Ia juga mengimbau masyarakat agar terus menjaga ekosistem muara, termasuk tidak membuang sampah atau limbah ke sungai yang dapat mempercepat proses pendangkalan.
“Kami mengajak semua pihak, termasuk masyarakat sekitar muara, agar ikut menjaga kebersihan dan tidak membuang sampah sembarangan. Karena sebaik apapun penanganan teknis yang dilakukan, kalau lingkungan tidak dijaga, maka pendangkalan akan terus berulang,” tegasnya.
Rencana normalisasi Muara Krueng Cangkoi ini diharapkan dapat memulihkan akses transportasi laut bagi nelayan, memperlancar aktivitas ekonomi, dan menekan risiko banjir akibat tertahannya aliran air saat musim hujan.
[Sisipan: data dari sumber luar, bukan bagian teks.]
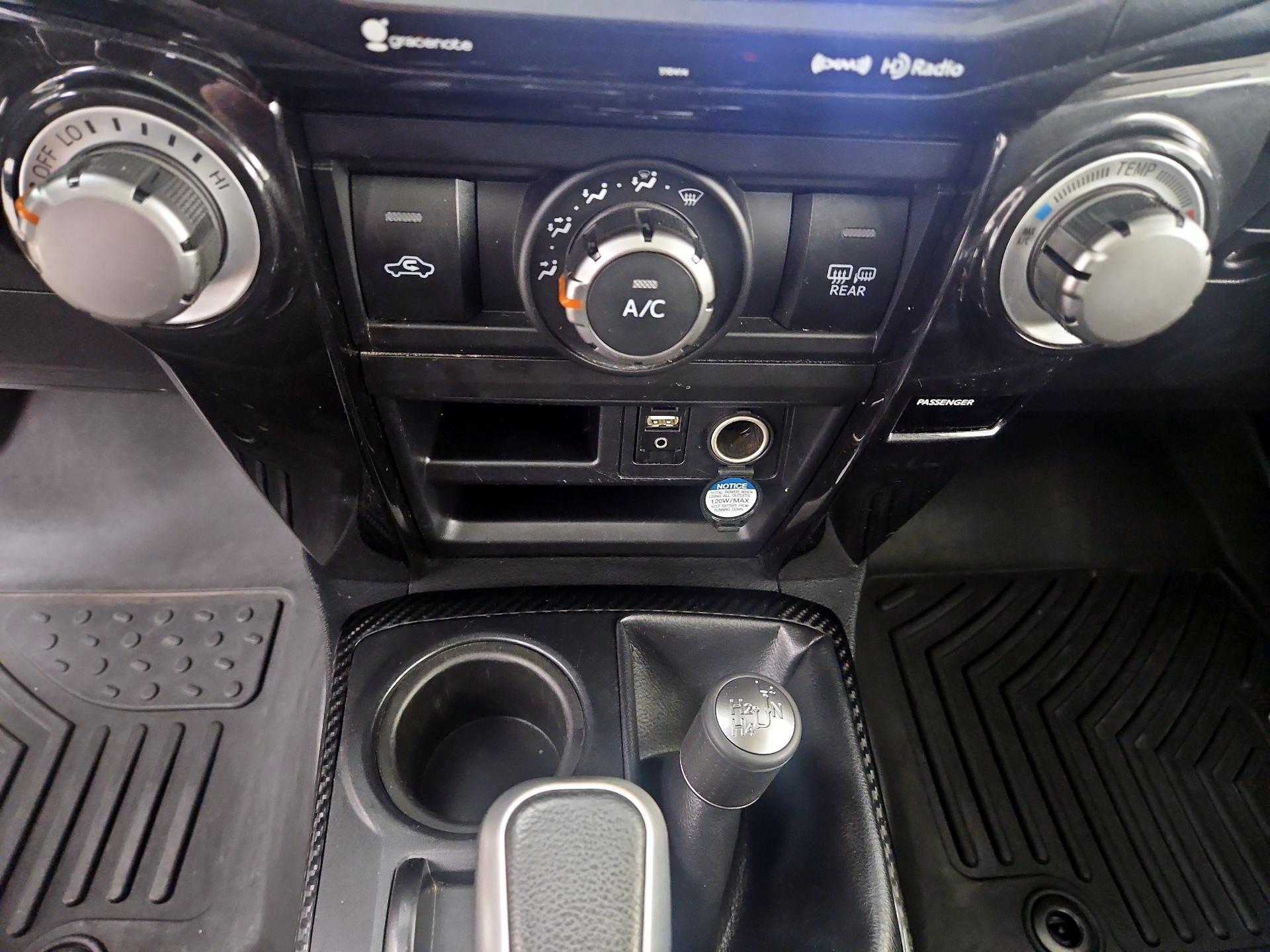 Thumbnail: 2019 Toyota 4Runner - 16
Sebelumnya, banyak nelayan setempat mengeluhkan sulitnya melaut karena kapal-kapal kecil milik mereka tidak bisa keluar masuk muara, terutama saat air laut surut. Kondisi tersebut tidak hanya menurunkan produktivitas nelayan, tetapi juga memicu kerugian ekonomi yang cukup besar di sektor perikanan tangkap.
Dengan adanya langkah konkret dari Pemkab Aceh Barat melalui Dinas PUPR ini, masyarakat berharap pekerjaan bisa segera dimulai sesuai rencana, agar aktivitas pelayaran nelayan kembali normal dan hasil tangkapan laut bisa kembali meningkat.
Pemerintah juga berjanji akan terus memantau dan mengevaluasi hasil normalisasi tersebut, serta melakukan pemeliharaan rutin agar kondisi muara tetap terjaga.